**TRY IT**
For the data below, the lines that hold "Vuitton" should be counted; only the resulting number is expected.
__________________________________________________
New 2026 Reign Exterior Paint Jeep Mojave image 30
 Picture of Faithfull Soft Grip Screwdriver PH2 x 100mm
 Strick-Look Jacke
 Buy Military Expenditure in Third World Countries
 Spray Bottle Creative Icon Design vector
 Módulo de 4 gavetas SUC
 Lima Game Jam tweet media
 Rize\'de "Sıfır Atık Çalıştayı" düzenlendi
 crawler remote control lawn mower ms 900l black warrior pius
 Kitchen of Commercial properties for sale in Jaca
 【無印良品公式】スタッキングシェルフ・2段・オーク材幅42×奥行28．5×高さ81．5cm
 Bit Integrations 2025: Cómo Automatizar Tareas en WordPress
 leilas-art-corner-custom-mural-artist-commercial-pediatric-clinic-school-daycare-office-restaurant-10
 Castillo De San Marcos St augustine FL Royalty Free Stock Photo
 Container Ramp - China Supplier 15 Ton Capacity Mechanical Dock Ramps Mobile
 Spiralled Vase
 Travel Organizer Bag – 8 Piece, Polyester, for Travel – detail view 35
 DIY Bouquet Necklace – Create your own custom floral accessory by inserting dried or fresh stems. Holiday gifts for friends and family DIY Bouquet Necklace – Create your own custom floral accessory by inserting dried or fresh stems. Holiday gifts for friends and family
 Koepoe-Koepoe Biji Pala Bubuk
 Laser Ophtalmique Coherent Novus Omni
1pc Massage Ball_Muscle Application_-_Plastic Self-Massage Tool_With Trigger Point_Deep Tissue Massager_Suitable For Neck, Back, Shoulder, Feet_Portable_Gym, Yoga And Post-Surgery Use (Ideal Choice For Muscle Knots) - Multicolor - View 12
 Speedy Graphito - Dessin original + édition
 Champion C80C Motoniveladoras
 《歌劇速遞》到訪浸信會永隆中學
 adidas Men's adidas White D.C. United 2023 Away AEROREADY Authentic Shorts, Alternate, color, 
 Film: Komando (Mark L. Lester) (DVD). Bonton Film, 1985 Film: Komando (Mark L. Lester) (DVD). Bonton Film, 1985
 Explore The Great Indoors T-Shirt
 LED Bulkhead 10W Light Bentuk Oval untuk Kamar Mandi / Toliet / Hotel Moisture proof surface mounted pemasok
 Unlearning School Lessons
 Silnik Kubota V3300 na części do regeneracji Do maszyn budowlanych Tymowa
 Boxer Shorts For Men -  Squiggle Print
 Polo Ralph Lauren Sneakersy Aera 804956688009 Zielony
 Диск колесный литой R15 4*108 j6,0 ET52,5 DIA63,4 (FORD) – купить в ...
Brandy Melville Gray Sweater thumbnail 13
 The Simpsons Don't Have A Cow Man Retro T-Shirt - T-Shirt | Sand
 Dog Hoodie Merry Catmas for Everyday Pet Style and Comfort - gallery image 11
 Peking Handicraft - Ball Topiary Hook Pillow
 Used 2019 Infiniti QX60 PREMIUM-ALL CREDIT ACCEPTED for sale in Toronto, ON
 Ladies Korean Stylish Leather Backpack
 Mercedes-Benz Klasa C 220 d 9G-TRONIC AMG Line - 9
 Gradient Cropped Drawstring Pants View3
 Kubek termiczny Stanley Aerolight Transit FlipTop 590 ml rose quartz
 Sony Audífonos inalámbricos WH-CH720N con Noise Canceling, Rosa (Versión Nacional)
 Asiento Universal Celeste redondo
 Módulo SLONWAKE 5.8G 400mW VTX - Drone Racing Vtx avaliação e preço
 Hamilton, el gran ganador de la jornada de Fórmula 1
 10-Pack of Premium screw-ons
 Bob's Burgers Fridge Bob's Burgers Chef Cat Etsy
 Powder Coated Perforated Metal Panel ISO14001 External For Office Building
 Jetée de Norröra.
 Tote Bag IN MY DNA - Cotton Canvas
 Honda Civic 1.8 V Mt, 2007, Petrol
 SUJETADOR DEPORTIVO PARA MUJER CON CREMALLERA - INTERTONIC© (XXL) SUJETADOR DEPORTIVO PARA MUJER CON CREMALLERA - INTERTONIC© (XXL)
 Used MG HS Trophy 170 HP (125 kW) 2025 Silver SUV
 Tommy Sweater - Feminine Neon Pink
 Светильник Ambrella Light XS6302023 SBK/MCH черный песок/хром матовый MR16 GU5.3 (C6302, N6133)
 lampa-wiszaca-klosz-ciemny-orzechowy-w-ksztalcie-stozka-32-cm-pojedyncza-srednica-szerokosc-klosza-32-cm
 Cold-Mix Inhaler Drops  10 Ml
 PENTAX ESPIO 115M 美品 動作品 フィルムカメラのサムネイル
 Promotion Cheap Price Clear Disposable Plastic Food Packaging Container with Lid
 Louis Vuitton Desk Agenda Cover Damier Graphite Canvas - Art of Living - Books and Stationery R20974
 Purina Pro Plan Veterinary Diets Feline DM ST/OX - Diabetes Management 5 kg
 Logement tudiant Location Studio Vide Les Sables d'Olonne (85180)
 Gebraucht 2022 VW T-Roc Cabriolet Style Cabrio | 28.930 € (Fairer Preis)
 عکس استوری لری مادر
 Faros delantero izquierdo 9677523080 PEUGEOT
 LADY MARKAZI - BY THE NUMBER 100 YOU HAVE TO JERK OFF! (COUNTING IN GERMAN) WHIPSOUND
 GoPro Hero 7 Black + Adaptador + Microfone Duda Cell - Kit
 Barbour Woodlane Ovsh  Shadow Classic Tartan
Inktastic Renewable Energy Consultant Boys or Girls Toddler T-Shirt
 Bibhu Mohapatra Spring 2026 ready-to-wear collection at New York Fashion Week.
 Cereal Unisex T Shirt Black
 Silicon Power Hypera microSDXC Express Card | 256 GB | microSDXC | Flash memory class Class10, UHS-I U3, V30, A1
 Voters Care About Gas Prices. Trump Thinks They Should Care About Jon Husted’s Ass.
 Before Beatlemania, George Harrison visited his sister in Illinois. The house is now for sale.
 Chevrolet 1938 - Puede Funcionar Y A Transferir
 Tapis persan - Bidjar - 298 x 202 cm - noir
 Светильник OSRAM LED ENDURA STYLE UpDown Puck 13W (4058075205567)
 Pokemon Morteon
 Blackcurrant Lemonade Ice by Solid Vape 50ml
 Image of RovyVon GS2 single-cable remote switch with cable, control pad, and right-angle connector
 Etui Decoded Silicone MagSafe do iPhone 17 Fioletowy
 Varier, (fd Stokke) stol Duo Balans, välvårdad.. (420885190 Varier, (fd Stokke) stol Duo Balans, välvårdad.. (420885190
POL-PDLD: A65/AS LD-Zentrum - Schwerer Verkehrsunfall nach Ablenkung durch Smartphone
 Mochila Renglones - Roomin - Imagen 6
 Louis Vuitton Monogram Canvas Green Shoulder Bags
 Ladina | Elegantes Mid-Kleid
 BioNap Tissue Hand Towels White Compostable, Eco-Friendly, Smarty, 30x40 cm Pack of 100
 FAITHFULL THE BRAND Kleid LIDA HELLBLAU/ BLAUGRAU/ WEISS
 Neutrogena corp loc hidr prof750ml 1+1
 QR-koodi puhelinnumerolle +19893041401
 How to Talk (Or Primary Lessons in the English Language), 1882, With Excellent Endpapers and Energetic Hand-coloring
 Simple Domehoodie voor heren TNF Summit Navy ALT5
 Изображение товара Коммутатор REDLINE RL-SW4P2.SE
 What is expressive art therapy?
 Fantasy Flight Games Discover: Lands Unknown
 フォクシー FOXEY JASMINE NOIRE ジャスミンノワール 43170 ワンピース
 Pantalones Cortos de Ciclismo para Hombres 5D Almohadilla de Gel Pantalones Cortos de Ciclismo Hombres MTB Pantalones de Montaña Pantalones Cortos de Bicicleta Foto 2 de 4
__________________________________________________
**YOUR SOLUTION**
2